This repository demonstrates how to use Google Vertex AI's Gemini embeddings with OpenSearch for semantic search capabilities.
-
index_jsonl_opensearch.py: A script that indexes JSONL data into OpenSearch while generating vector embeddings using Google Vertex AI's Gemini model. The script:- Creates vector embeddings for product descriptions using the
gemini-embedding-001model - Indexes documents into OpenSearch with both text fields and vector embeddings
- Uses the index configuration specified in
data/index-config.json
- Creates vector embeddings for product descriptions using the
-
query_opensearch.py: An interactive script that performs semantic search queries using vector embeddings. The script:- Takes user input for search queries
- Generates vector embeddings for the search queries using the same Gemini model
- Performs k-NN (k-Nearest Neighbors) search in OpenSearch to find similar products
- Returns the most semantically relevant results
-
index-config.json: OpenSearch index configuration file that defines:- Text field mappings for product attributes (name, description, category, etc.)
- Vector field mapping for the description embeddings (3072-dimensional vectors)
- Keyword field mappings for exact-match queries
-
sample-products.jsonl: Sample product data in JSONL format containing:- Product information including ID, name, category, brand, price, etc.

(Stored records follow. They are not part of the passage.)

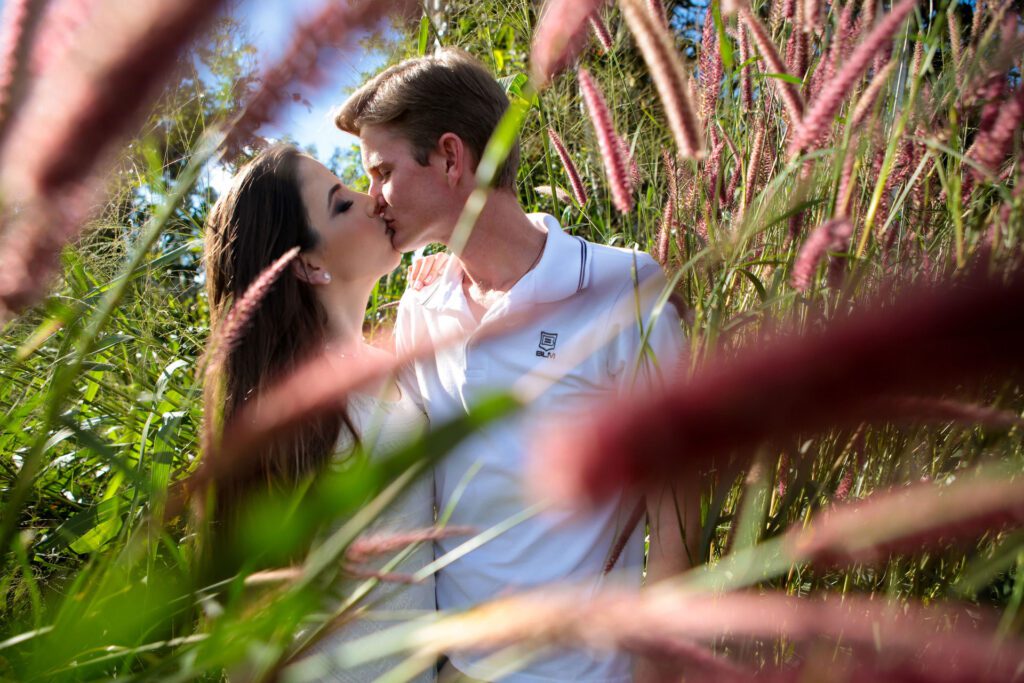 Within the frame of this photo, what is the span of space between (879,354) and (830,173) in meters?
0.76

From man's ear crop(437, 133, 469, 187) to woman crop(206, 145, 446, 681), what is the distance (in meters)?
0.27

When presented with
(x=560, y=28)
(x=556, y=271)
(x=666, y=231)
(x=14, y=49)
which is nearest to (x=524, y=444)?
(x=556, y=271)

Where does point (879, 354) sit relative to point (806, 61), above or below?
below

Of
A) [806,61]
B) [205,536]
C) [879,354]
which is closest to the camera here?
[879,354]

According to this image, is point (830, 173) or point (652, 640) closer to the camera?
point (652, 640)

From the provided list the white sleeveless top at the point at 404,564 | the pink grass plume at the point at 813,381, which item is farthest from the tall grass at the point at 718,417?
the white sleeveless top at the point at 404,564

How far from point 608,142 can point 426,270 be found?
5.92ft

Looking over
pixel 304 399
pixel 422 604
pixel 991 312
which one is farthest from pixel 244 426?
pixel 422 604

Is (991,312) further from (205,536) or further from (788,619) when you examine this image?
(205,536)

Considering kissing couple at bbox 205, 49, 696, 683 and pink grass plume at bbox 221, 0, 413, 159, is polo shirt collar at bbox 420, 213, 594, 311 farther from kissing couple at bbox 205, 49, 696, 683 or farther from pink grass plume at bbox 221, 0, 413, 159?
pink grass plume at bbox 221, 0, 413, 159

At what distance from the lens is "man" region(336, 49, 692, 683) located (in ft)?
5.68

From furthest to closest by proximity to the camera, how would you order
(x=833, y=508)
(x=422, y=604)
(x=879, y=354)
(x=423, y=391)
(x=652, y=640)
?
(x=423, y=391) → (x=422, y=604) → (x=833, y=508) → (x=652, y=640) → (x=879, y=354)

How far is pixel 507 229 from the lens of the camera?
2.24m

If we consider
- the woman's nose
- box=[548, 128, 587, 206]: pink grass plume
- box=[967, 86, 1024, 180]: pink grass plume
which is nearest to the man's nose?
the woman's nose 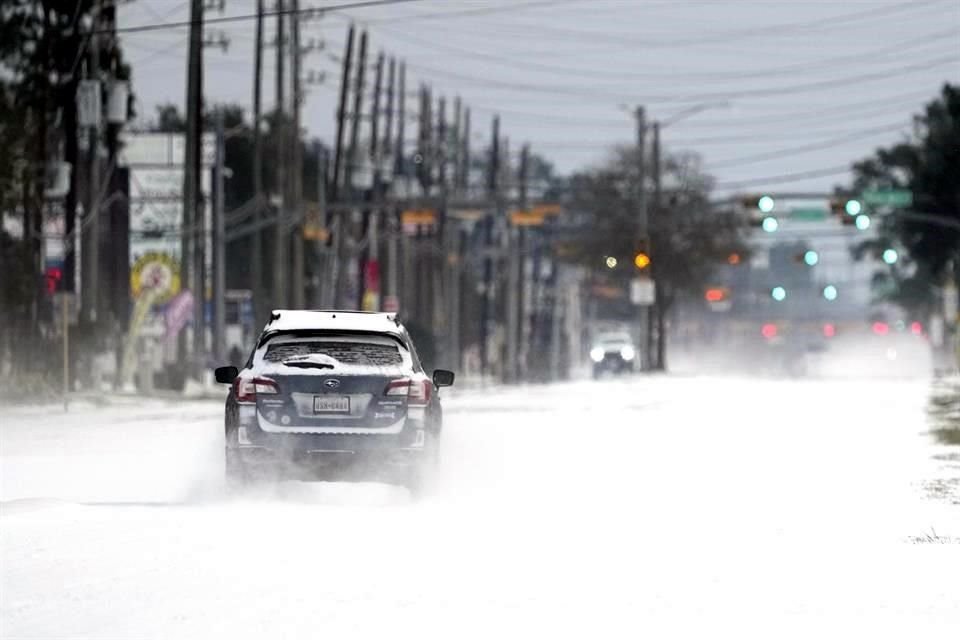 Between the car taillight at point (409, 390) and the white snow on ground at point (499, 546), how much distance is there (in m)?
0.91

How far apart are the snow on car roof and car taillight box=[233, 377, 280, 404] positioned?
590mm

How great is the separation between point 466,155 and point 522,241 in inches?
441

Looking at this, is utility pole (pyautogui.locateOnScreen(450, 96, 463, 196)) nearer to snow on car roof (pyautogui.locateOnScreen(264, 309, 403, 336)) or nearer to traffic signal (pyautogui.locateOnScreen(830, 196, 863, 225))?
traffic signal (pyautogui.locateOnScreen(830, 196, 863, 225))

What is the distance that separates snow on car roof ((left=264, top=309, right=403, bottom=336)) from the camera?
20.2 m

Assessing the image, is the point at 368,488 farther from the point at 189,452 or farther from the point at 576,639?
the point at 576,639

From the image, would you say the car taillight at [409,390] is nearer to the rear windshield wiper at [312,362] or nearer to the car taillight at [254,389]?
the rear windshield wiper at [312,362]

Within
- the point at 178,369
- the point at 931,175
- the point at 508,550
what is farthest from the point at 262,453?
the point at 931,175

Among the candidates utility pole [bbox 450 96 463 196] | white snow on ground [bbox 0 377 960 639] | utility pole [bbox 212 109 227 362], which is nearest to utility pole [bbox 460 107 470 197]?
utility pole [bbox 450 96 463 196]

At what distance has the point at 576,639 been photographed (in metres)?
11.1

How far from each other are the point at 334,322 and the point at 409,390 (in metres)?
0.97

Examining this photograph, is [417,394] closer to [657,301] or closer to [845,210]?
[845,210]

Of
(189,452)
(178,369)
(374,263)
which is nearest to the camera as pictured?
(189,452)

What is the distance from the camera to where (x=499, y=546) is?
15.8 metres

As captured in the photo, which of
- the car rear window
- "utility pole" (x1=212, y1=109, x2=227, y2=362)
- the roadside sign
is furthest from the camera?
the roadside sign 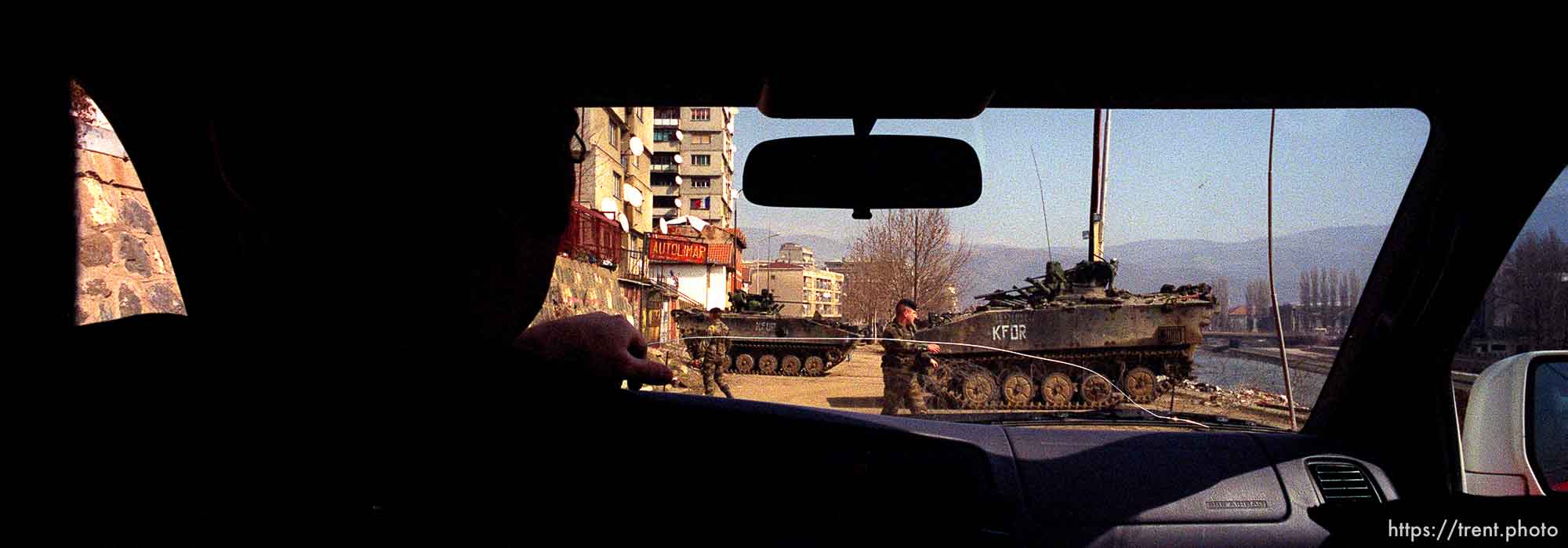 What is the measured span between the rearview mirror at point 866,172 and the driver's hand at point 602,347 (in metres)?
0.92

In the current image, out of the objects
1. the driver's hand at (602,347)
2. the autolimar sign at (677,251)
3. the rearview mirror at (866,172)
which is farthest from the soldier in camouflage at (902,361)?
the driver's hand at (602,347)

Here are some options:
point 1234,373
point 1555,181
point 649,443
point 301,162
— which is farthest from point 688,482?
point 1234,373

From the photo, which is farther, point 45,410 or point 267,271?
point 267,271

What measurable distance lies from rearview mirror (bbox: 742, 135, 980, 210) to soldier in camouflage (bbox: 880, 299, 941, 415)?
39.2 feet

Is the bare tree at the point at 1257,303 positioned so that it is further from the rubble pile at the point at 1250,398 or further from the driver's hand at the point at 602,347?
the driver's hand at the point at 602,347

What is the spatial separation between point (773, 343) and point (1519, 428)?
17356 mm

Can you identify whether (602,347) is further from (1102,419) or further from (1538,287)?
(1102,419)

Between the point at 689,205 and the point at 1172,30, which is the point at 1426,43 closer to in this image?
the point at 1172,30

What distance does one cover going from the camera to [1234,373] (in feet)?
11.0

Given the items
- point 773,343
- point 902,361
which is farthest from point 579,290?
point 773,343

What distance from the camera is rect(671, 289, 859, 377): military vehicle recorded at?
750 inches

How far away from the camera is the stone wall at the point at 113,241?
11.3 ft

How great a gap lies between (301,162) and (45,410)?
0.66m

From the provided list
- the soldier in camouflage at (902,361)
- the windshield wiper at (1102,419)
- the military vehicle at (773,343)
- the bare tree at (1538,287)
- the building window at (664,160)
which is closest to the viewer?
the bare tree at (1538,287) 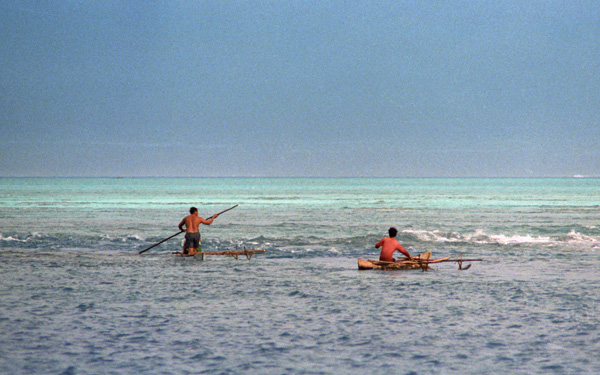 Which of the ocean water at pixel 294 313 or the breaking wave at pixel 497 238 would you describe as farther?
the breaking wave at pixel 497 238

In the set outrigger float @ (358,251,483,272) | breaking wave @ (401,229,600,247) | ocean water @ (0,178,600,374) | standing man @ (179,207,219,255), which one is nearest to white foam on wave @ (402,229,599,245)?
breaking wave @ (401,229,600,247)

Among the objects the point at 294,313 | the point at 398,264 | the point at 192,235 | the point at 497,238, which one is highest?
the point at 192,235

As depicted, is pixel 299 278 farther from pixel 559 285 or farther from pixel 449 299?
pixel 559 285

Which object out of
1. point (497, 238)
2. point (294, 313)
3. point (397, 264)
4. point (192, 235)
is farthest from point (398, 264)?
point (497, 238)

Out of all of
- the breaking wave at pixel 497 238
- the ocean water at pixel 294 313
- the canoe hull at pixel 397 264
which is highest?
the breaking wave at pixel 497 238

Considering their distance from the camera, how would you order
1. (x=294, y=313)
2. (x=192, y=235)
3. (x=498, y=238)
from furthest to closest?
1. (x=498, y=238)
2. (x=192, y=235)
3. (x=294, y=313)

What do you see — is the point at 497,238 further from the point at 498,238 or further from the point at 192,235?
the point at 192,235

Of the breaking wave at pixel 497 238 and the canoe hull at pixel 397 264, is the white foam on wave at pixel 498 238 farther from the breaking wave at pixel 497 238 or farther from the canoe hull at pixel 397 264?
the canoe hull at pixel 397 264

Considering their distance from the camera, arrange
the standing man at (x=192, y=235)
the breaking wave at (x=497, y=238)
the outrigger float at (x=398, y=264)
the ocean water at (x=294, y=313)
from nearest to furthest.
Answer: the ocean water at (x=294, y=313), the outrigger float at (x=398, y=264), the standing man at (x=192, y=235), the breaking wave at (x=497, y=238)

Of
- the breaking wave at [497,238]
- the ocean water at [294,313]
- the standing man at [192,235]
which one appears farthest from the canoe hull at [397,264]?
the breaking wave at [497,238]

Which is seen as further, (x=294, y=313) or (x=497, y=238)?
(x=497, y=238)

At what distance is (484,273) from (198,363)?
11.6 metres

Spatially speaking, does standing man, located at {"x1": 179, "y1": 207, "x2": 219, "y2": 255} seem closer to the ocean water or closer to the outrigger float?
the ocean water

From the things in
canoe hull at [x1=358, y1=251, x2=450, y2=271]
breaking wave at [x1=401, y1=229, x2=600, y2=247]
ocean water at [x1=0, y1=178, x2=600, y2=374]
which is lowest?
ocean water at [x1=0, y1=178, x2=600, y2=374] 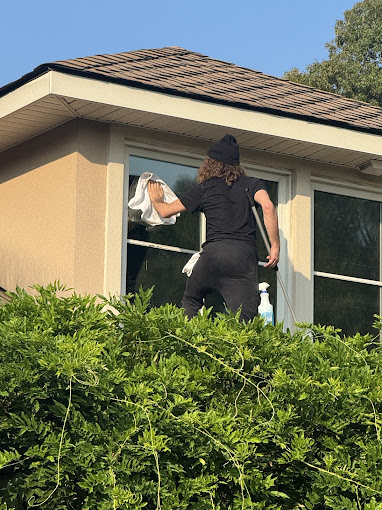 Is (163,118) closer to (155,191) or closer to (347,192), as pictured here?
(155,191)

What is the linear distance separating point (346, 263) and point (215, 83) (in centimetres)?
227

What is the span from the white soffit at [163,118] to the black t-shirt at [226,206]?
115cm

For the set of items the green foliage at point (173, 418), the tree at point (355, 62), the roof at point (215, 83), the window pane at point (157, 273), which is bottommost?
the green foliage at point (173, 418)

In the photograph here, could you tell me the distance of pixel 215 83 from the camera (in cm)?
983

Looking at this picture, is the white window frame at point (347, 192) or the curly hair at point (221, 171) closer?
the curly hair at point (221, 171)

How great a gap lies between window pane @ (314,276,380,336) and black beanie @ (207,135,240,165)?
2.69 m

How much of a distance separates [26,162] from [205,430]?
610 cm

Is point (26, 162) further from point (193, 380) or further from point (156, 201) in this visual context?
point (193, 380)

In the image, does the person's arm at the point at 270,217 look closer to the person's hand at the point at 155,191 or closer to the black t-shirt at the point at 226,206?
the black t-shirt at the point at 226,206

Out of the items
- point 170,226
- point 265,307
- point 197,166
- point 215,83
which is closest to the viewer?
point 265,307

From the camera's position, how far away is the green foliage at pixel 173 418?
3848 mm

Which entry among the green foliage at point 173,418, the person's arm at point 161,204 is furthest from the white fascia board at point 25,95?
the green foliage at point 173,418

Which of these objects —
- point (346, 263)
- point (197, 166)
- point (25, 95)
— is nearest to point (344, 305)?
point (346, 263)

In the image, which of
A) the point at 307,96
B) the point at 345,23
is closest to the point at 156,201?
the point at 307,96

- Detailed product descriptions used for generating embeddings
- Various product attributes for demonstration purposes
-
Create and activate a Python virtual environment:
python -m venv venv source venv/bin/activate # On macOS/Linux # or .\venv\Scripts\activate # On Windows
-
Install required packages:
pip install google-cloud-aiplatform # For Vertex AI pip install opensearch-py # For OpenSearch client
-
Ensure you have:
- Access to a running OpenSearch cluster
- Proper authentication credentials for Google Cloud/Vertex AI
- The necessary permissions to use the Gemini API
-
Index data:
python src/index_jsonl_opensearch.py [jsonl_file] [index_name] [host] [port] [username] [password]
-
Search products:
python src/query_opensearch.py [index_name] [host] [port] [username] [password]
The search interface will prompt you to enter search queries and will return the most semantically relevant products based on the vector similarity of your query to the product descriptions.
See the LICENSE file for license rights and limitations.